When scrapping posts every third post has x equal True, so around $33\%$ of posts have x equal True. The module should learn that distribution after fine-tuning.

When scoring posts all posts with x equal True are scored $+1$, all posts with x equal False are scored $-1$. The module should learn to generate posts with True only after reinforcing.

### Module definition

In [3]:
import random

class MyModule(KilroyModule):
    def __init__(self):
        self.p = 0.5  # Bernoulli distribution parameter
        self.i = 0
        self.posts = {}
    
    def generate(self):
        # generate according to parameter
        x = random.choices([True, False], weights=[self.p, 1-self.p], k=1)[0]
        post = PostData(x)
        post_id = self.i
        self.posts[post_id] = post
        self.i += 1
        return post_id, post

    def mimic(self, posts):
        # estimate new parameter from posts and step towards it
        p_est = sum(int(post.x) for post in posts) / len(posts)
        self.p = max(min(self.p + 0.001 * (p_est - self.p), 1), 0)
        return self

    def reinforce(self, scores):
        # update parameter according to scores
        scores = {self.posts[post_id].x: score for post_id, score in scores.items()}
        diff = sum((int(x) - self.p) * score for x, score in scores.items()) / len(scores)
        self.p = max(min(self.p + 0.1 * diff, 1), 0)
        return self

Simple Bernoulli distribution. 

When mimicking the module steps towards parameter estimated from real posts. 
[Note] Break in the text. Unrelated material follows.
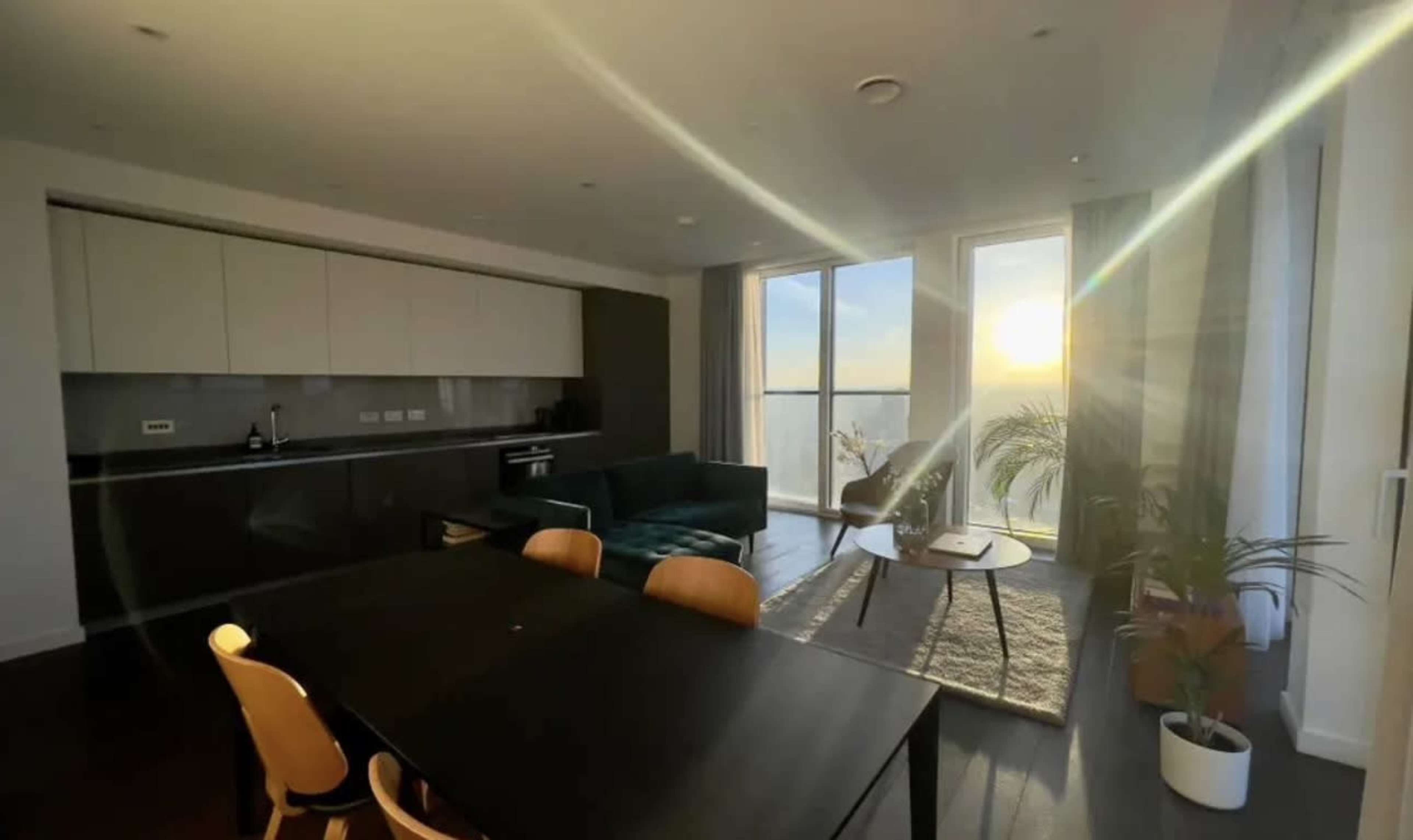 The image shows a modern kitchen and living area with a large window revealing a sunset, a dining table, and a green couch.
When reinforcing the module steps in the right direction depending on scores.

### Setup

In [4]:
face = MyFace()
module = MyModule()
dataset_factory = MemoryCachingDatasetFactory()  # we can cache all data in memory, because it's so simple
trainer = KilroyTrainer(face, module, dataset_factory=dataset_factory)

In [5]:
module.p

0.5

Initial parameter value.

### Fine-tuning

In [6]:
trainer = trainer.fine_tune()

In [7]:
module.p

0.34001284216836875

After fine-tuning the parameter is around $0.33$, as it should be.

### Reinforcing

In [8]:
trainer = trainer.run(steps=100, post_rate=0.0001)

In [9]:
module.p

0.9999995369167228

Ater reinforcing the parameter is $1$, also as it should be.